I think I've commented this elsewhere, but using Cue [1] is also great for this purpose, with no extra infrastructure. E.g. you define a Cue Template [2], which seems analogous to Yoke/ATC's CRDs, and then your definitions just include the data.

Here's an example of Vaultwarden running on my K8s cluster:

    deployment: bitwarden: {
      spec: {
       template: {
        spec: {
         containers: [{
          image: "vaultwarden/server:1.32.7"
          env: [{
           name:  "ROCKET_PORT"
           value: "8080"
          }, {
           name: "ADMIN_TOKEN"
           valueFrom: secretKeyRef: {
            name: "bitwarden-secrets"
            key:  "ADMIN_TOKEN"
           }
          }]
          volumeMounts: [{
           name:      "data"
           mountPath: "/data"
           subPath:   "bitwarden"
          }]
          ports: [{
           containerPort: 8080
           name:          "web"
          }]
         }]
         volumes: [{
          name: "data"
          persistentVolumeClaim: claimName: "local-pvc"
         }]
        }
       }
      }
     }
And simpler services are, well, even simpler:

    deployment: myapp: spec: template: spec: containers: [{
      ports: [{
       containerPort: 8080
       name:          "web"
      }]
     }]
And with Cue, you get strongly typed values for everything, and can add tighter constraints as well. This expands to the relevant YAML resources (Services, Deployments, etc), which then get applied to the cluster. The nice thing of this approach is that the cluster doesn't need to know anything about how you manage your resources.

[1] https://cuelang.org/

[2] https://cuelang.org/docs/tour/types/templates/




I really want to dive in with Cue, but one thing that I got burned on when using jsonnet to generate CloudFormation templates years ago was lack of discoverability for newcomers to the repo.

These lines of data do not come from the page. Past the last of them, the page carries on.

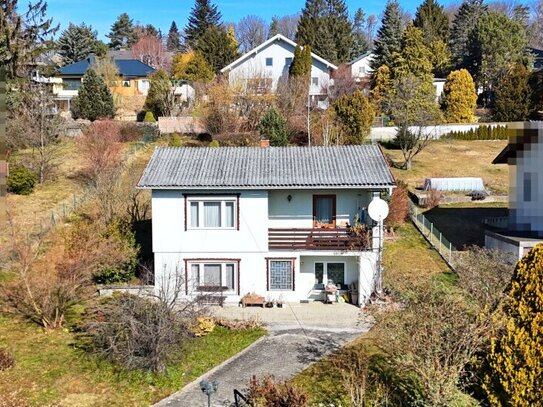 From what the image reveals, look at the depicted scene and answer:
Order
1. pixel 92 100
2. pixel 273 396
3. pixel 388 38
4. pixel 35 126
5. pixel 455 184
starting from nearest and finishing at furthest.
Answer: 1. pixel 273 396
2. pixel 35 126
3. pixel 455 184
4. pixel 92 100
5. pixel 388 38

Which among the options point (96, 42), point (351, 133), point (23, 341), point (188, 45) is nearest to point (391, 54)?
point (351, 133)

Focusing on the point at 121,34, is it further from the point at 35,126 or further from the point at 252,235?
the point at 252,235

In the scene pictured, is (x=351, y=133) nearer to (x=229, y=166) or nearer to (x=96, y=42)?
(x=229, y=166)

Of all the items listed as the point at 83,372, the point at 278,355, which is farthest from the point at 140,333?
the point at 278,355

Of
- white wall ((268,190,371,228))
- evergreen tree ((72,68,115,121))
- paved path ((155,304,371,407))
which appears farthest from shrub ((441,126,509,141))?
paved path ((155,304,371,407))

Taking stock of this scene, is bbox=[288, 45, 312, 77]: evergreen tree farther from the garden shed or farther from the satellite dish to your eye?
the satellite dish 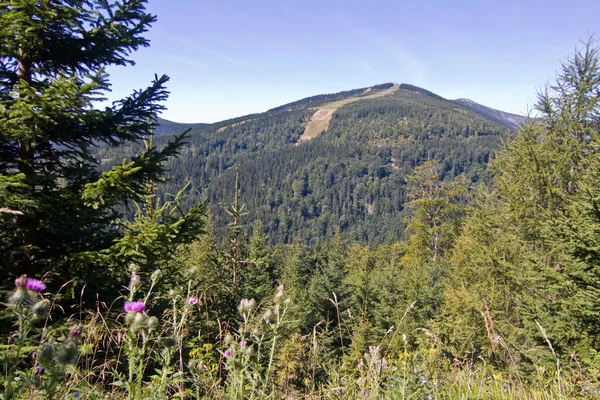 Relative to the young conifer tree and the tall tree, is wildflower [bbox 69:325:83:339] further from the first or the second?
the tall tree

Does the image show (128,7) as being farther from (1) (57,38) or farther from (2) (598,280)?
(2) (598,280)

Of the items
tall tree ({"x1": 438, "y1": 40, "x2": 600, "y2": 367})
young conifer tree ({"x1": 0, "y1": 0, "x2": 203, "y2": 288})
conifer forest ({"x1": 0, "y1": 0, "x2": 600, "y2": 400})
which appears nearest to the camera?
conifer forest ({"x1": 0, "y1": 0, "x2": 600, "y2": 400})

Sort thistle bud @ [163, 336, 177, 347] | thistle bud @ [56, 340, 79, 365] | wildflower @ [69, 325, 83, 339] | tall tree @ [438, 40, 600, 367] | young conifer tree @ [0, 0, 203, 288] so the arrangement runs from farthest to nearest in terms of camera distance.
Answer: tall tree @ [438, 40, 600, 367]
young conifer tree @ [0, 0, 203, 288]
thistle bud @ [163, 336, 177, 347]
wildflower @ [69, 325, 83, 339]
thistle bud @ [56, 340, 79, 365]

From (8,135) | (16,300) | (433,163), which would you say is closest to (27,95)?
(8,135)

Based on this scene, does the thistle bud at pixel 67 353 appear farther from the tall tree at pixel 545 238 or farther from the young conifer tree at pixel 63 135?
the tall tree at pixel 545 238

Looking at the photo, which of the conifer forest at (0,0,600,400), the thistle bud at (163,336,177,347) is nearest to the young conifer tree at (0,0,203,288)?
the conifer forest at (0,0,600,400)

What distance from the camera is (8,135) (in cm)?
443

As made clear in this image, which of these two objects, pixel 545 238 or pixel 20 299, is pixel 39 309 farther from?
pixel 545 238

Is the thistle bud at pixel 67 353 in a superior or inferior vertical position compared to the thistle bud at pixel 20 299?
inferior

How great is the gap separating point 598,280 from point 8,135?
9.27 meters

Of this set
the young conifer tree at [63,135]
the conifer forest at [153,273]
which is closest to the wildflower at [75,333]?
the conifer forest at [153,273]

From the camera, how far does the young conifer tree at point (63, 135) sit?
14.5 ft

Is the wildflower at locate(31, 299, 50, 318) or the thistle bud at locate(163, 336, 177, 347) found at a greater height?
the wildflower at locate(31, 299, 50, 318)

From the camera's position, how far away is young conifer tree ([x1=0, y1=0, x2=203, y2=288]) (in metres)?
4.42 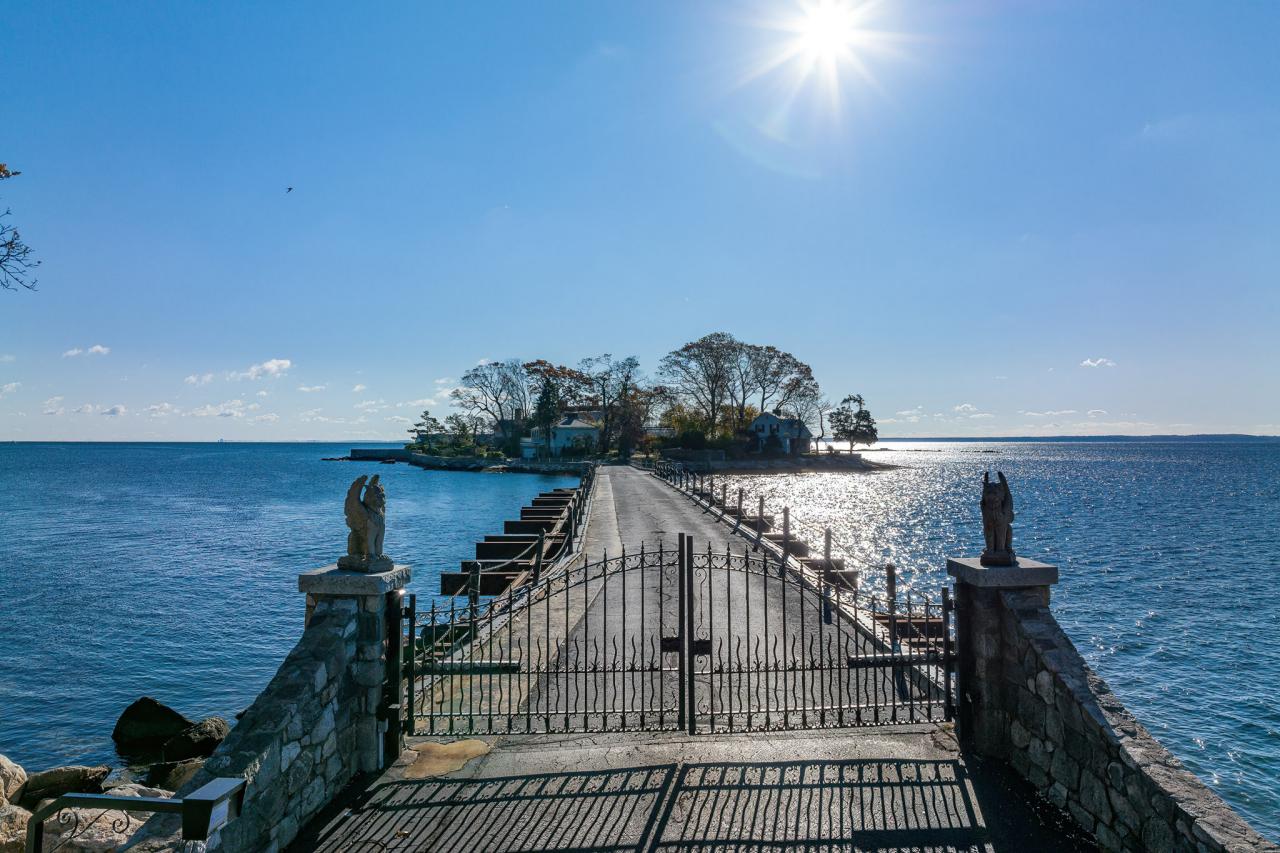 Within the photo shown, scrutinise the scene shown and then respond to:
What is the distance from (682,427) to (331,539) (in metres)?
53.9

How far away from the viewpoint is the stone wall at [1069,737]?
14.2ft

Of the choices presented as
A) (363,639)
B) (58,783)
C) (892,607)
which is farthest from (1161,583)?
(58,783)

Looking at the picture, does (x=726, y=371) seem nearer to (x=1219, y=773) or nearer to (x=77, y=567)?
(x=77, y=567)

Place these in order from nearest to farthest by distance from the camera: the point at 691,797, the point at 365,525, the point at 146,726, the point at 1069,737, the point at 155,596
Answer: the point at 1069,737 → the point at 691,797 → the point at 365,525 → the point at 146,726 → the point at 155,596

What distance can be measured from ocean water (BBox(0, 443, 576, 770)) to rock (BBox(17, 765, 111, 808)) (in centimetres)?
245

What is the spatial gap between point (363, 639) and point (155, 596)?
74.2ft

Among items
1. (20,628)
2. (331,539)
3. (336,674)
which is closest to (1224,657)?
(336,674)

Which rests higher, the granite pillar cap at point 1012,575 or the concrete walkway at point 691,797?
the granite pillar cap at point 1012,575

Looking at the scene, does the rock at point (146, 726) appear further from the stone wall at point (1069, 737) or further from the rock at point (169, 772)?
the stone wall at point (1069, 737)

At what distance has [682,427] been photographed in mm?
86375

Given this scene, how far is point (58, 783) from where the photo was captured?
966 centimetres

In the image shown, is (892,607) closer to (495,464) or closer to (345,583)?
(345,583)

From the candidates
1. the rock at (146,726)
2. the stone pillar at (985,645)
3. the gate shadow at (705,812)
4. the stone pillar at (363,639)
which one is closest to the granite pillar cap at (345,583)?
the stone pillar at (363,639)

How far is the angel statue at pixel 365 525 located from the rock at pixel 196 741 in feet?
25.3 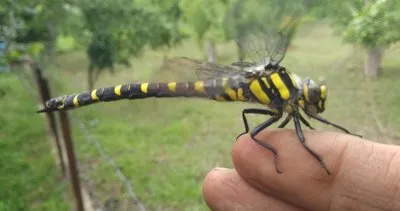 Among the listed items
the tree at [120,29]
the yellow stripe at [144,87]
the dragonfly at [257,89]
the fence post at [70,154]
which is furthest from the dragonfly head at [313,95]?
the tree at [120,29]

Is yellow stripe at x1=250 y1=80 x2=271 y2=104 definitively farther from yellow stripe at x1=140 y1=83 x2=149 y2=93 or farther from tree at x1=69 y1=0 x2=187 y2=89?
tree at x1=69 y1=0 x2=187 y2=89

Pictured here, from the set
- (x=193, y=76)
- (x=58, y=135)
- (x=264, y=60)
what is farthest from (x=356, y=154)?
(x=58, y=135)

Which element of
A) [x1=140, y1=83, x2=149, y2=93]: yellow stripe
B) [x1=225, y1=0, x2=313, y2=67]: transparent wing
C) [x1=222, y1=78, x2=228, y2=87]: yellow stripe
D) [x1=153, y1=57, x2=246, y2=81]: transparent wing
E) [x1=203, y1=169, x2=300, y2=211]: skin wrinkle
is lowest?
[x1=203, y1=169, x2=300, y2=211]: skin wrinkle

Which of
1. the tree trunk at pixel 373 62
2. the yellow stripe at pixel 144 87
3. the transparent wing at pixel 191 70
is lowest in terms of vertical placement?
the tree trunk at pixel 373 62

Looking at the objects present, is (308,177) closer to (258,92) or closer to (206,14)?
(258,92)

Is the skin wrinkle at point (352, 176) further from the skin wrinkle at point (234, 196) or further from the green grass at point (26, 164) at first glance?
the green grass at point (26, 164)

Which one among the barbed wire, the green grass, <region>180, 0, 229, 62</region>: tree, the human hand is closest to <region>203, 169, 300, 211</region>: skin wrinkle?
the human hand

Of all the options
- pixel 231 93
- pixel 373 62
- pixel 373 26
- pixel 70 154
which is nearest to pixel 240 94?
pixel 231 93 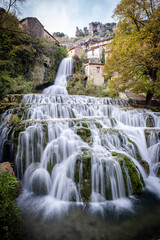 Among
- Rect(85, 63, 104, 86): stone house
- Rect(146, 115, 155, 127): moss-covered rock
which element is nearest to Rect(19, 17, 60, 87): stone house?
Rect(85, 63, 104, 86): stone house

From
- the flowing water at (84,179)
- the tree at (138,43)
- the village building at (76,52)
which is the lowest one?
the flowing water at (84,179)

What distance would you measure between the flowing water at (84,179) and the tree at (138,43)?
5.99m

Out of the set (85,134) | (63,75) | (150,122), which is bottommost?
(85,134)

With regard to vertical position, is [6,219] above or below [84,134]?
below

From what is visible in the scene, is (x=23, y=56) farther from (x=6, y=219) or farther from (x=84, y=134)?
(x=6, y=219)

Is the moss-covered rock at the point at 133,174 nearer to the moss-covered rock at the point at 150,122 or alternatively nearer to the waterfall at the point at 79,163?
the waterfall at the point at 79,163

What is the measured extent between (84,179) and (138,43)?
10133mm

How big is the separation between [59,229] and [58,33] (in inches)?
3297

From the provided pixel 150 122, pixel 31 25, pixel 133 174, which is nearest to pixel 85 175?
pixel 133 174

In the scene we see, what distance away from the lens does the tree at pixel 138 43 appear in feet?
29.8

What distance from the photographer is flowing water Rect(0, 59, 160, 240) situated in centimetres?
317

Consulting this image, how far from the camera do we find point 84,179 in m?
4.29

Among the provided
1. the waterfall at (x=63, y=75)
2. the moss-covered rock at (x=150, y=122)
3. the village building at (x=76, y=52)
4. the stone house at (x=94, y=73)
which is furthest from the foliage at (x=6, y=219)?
the village building at (x=76, y=52)

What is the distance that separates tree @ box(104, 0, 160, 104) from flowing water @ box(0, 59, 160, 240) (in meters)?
5.99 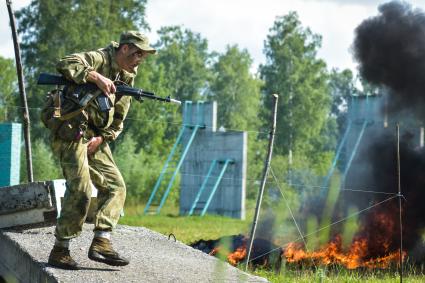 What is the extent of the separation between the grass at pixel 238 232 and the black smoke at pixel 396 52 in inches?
188

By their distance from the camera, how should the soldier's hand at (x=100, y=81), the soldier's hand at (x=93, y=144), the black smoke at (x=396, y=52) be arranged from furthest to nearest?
1. the black smoke at (x=396, y=52)
2. the soldier's hand at (x=93, y=144)
3. the soldier's hand at (x=100, y=81)

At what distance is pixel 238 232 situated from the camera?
20016mm

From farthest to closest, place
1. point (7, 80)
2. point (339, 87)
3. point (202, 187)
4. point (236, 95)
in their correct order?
point (339, 87) → point (236, 95) → point (7, 80) → point (202, 187)

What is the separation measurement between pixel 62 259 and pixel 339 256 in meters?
6.15

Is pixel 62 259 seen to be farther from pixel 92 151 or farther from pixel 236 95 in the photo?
pixel 236 95

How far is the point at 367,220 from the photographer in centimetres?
1391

Taking your sample code as an example, someone might look at the myapp deployment definition and ask: “does this deployment get created in the default namespace or does it automatically create a myapp namespace? What’s the default number of replicas? Are there any labels or annotations that get automatically added?” Etc.

On the flip side, there’s potential lack of “greppability.” The user may have found a problem with a deployed resource in, say, the development cluster, and go to grep for some resource-specific string in the repo, only to come up empty because that string is not in the source but rather generated at by the templating system.

To be clear, both of these problems can affect any method of generating config, be it yoke, helm, ksonnet, kustomize, or cue. It’s like a curse of abstraction. The more you make things into nice reusable components, the easier it is for you to build upon, and the harder it is for others to others to jump in and modify.

At least with Cue you get properly typed values and parameter validation built in, which puts it miles ahead of “everything is a string” templating systems like the helm templates the article complains about.


I was kind of interested in cue earlier last year as IIRC it can be served by helm and is much much better than templating yaml. Never really got started with it. Wish they had an LSP too.

https://github.com/cue-lang/cue/issues/142


What the hell is going on with their bot copy-pasting every comment on that issue? What a mess

Anyway, I wanted to ask what you meant by "served by helm?" I knew about https://github.com/stefanprodan/timoni and https://github.com/holos-run/holos but I believe they are merely "inspired by helm" and not "cue for helm"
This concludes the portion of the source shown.